● Directions for this task
The full set of entries has to be output exactly.

● Exercise data
<<<<

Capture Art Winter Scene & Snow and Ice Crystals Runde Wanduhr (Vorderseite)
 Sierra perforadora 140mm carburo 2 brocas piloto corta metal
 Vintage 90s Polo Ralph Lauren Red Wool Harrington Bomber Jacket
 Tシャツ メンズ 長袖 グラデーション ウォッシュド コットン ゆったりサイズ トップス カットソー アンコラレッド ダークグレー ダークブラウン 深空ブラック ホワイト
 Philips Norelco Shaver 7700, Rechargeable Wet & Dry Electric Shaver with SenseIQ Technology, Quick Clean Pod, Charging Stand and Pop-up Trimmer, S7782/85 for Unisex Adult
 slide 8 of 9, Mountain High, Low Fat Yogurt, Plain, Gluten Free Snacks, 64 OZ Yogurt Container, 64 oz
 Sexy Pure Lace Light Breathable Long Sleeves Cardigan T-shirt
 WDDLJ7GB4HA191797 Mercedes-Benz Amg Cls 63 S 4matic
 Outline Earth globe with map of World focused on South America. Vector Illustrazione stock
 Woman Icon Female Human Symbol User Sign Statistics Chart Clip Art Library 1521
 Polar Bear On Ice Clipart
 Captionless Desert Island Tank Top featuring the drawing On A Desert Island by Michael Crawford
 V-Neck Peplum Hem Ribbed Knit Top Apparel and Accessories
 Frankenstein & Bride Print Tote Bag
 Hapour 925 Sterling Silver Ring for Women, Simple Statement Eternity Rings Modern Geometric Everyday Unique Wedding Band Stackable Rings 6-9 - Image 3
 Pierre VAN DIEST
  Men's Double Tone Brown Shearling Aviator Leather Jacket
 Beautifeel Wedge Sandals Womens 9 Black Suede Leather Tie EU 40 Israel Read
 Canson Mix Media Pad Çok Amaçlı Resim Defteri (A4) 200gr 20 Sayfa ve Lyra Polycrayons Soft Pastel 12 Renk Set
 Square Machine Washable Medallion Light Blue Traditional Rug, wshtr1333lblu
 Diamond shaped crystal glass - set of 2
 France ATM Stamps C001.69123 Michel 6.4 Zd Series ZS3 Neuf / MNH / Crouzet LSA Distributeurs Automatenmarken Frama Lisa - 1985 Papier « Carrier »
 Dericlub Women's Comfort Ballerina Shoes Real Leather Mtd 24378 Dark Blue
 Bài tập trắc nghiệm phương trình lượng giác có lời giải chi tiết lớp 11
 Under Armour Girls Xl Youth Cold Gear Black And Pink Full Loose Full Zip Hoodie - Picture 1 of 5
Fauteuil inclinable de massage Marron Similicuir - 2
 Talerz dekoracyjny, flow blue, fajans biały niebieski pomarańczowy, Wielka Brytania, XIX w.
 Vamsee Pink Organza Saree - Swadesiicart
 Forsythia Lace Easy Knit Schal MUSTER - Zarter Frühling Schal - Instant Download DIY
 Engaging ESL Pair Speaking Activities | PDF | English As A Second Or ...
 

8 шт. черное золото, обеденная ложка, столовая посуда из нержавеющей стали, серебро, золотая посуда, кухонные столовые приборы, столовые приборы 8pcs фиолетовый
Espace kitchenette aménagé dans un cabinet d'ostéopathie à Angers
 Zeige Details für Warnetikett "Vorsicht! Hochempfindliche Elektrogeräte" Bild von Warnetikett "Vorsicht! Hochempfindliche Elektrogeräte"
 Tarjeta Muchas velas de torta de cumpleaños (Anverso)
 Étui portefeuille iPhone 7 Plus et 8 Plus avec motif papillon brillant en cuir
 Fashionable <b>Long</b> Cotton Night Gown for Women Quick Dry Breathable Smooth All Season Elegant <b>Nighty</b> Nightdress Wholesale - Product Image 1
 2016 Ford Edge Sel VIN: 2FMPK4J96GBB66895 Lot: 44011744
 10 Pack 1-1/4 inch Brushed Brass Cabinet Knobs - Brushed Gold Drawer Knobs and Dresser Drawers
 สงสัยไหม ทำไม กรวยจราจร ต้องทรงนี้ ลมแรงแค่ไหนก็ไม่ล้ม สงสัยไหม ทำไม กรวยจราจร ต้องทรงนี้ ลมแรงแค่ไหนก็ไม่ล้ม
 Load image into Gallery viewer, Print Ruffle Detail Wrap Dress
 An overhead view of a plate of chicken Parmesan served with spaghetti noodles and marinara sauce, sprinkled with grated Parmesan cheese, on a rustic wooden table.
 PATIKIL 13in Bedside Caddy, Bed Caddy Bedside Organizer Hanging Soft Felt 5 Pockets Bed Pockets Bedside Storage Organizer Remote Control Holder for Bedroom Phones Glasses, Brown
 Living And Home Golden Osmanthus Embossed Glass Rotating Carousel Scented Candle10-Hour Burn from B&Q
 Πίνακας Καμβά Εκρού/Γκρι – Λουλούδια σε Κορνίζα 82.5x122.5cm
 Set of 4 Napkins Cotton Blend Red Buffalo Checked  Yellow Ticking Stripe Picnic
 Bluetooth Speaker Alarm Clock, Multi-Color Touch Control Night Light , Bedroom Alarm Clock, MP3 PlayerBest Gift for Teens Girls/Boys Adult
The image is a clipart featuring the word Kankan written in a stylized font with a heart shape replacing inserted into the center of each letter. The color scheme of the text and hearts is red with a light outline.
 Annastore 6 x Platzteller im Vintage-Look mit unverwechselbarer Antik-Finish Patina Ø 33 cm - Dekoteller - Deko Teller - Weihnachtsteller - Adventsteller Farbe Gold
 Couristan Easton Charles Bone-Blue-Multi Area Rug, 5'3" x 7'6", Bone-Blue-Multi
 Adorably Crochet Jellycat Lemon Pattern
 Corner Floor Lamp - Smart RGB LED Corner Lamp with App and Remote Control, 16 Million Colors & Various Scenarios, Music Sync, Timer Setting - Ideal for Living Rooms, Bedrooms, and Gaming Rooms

>>>>

● The answer
Capture Art Winter Scene & Snow and Ice Crystals Runde Wanduhr (Vorderseite)
 Sierra perforadora 140mm carburo 2 brocas piloto corta metal
 Vintage 90s Polo Ralph Lauren Red Wool Harrington Bomber Jacket
 Tシャツ メンズ 長袖 グラデーション ウォッシュド コットン ゆったりサイズ トップス カットソー アンコラレッド ダークグレー ダークブラウン 深空ブラック ホワイト
 Philips Norelco Shaver 7700, Rechargeable Wet & Dry Electric Shaver with SenseIQ Technology, Quick Clean Pod, Charging Stand and Pop-up Trimmer, S7782/85 for Unisex Adult
 slide 8 of 9, Mountain High, Low Fat Yogurt, Plain, Gluten Free Snacks, 64 OZ Yogurt Container, 64 oz
 Sexy Pure Lace Light Breathable Long Sleeves Cardigan T-shirt
 WDDLJ7GB4HA191797 Mercedes-Benz Amg Cls 63 S 4matic
 Outline Earth globe with map of World focused on South America. Vector Illustrazione stock
 Woman Icon Female Human Symbol User Sign Statistics Chart Clip Art Library 1521
 Polar Bear On Ice Clipart
 Captionless Desert Island Tank Top featuring the drawing On A Desert Island by Michael Crawford
 V-Neck Peplum Hem Ribbed Knit Top Apparel and Accessories
 Frankenstein & Bride Print Tote Bag
 Hapour 925 Sterling Silver Ring for Women, Simple Statement Eternity Rings Modern Geometric Everyday Unique Wedding Band Stackable Rings 6-9 - Image 3
 Pierre VAN DIEST
  Men's Double Tone Brown Shearling Aviator Leather Jacket
 Beautifeel Wedge Sandals Womens 9 Black Suede Leather Tie EU 40 Israel Read
 Canson Mix Media Pad Çok Amaçlı Resim Defteri (A4) 200gr 20 Sayfa ve Lyra Polycrayons Soft Pastel 12 Renk Set
 Square Machine Washable Medallion Light Blue Traditional Rug, wshtr1333lblu
 Diamond shaped crystal glass - set of 2
 France ATM Stamps C001.69123 Michel 6.4 Zd Series ZS3 Neuf / MNH / Crouzet LSA Distributeurs Automatenmarken Frama Lisa - 1985 Papier « Carrier »
 Dericlub Women's Comfort Ballerina Shoes Real Leather Mtd 24378 Dark Blue
 Bài tập trắc nghiệm phương trình lượng giác có lời giải chi tiết lớp 11
 Under Armour Girls Xl Youth Cold Gear Black And Pink Full Loose Full Zip Hoodie - Picture 1 of 5
Fauteuil inclinable de massage Marron Similicuir - 2
 Talerz dekoracyjny, flow blue, fajans biały niebieski pomarańczowy, Wielka Brytania, XIX w.
 Vamsee Pink Organza Saree - Swadesiicart
 Forsythia Lace Easy Knit Schal MUSTER - Zarter Frühling Schal - Instant Download DIY
 Engaging ESL Pair Speaking Activities | PDF | English As A Second Or ...
 

8 шт. черное золото, обеденная ложка, столовая посуда из нержавеющей стали, серебро, золотая посуда, кухонные столовые приборы, столовые приборы 8pcs фиолетовый
Espace kitchenette aménagé dans un cabinet d'ostéopathie à Angers
 Zeige Details für Warnetikett "Vorsicht! Hochempfindliche Elektrogeräte" Bild von Warnetikett "Vorsicht! Hochempfindliche Elektrogeräte"
 Tarjeta Muchas velas de torta de cumpleaños (Anverso)
 Étui portefeuille iPhone 7 Plus et 8 Plus avec motif papillon brillant en cuir
 Fashionable <b>Long</b> Cotton Night Gown for Women Quick Dry Breathable Smooth All Season Elegant <b>Nighty</b> Nightdress Wholesale - Product Image 1
 2016 Ford Edge Sel VIN: 2FMPK4J96GBB66895 Lot: 44011744
 10 Pack 1-1/4 inch Brushed Brass Cabinet Knobs - Brushed Gold Drawer Knobs and Dresser Drawers
 สงสัยไหม ทำไม กรวยจราจร ต้องทรงนี้ ลมแรงแค่ไหนก็ไม่ล้ม สงสัยไหม ทำไม กรวยจราจร ต้องทรงนี้ ลมแรงแค่ไหนก็ไม่ล้ม
 Load image into Gallery viewer, Print Ruffle Detail Wrap Dress
 An overhead view of a plate of chicken Parmesan served with spaghetti noodles and marinara sauce, sprinkled with grated Parmesan cheese, on a rustic wooden table.
 PATIKIL 13in Bedside Caddy, Bed Caddy Bedside Organizer Hanging Soft Felt 5 Pockets Bed Pockets Bedside Storage Organizer Remote Control Holder for Bedroom Phones Glasses, Brown
 Living And Home Golden Osmanthus Embossed Glass Rotating Carousel Scented Candle10-Hour Burn from B&Q
 Πίνακας Καμβά Εκρού/Γκρι – Λουλούδια σε Κορνίζα 82.5x122.5cm
 Set of 4 Napkins Cotton Blend Red Buffalo Checked  Yellow Ticking Stripe Picnic
 Bluetooth Speaker Alarm Clock, Multi-Color Touch Control Night Light , Bedroom Alarm Clock, MP3 PlayerBest Gift for Teens Girls/Boys Adult
The image is a clipart featuring the word Kankan written in a stylized font with a heart shape replacing inserted into the center of each letter. The color scheme of the text and hearts is red with a light outline.
 Annastore 6 x Platzteller im Vintage-Look mit unverwechselbarer Antik-Finish Patina Ø 33 cm - Dekoteller - Deko Teller - Weihnachtsteller - Adventsteller Farbe Gold
 Couristan Easton Charles Bone-Blue-Multi Area Rug, 5'3" x 7'6", Bone-Blue-Multi
 Adorably Crochet Jellycat Lemon Pattern
 Corner Floor Lamp - Smart RGB LED Corner Lamp with App and Remote Control, 16 Million Colors & Various Scenarios, Music Sync, Timer Setting - Ideal for Living Rooms, Bedrooms, and Gaming Rooms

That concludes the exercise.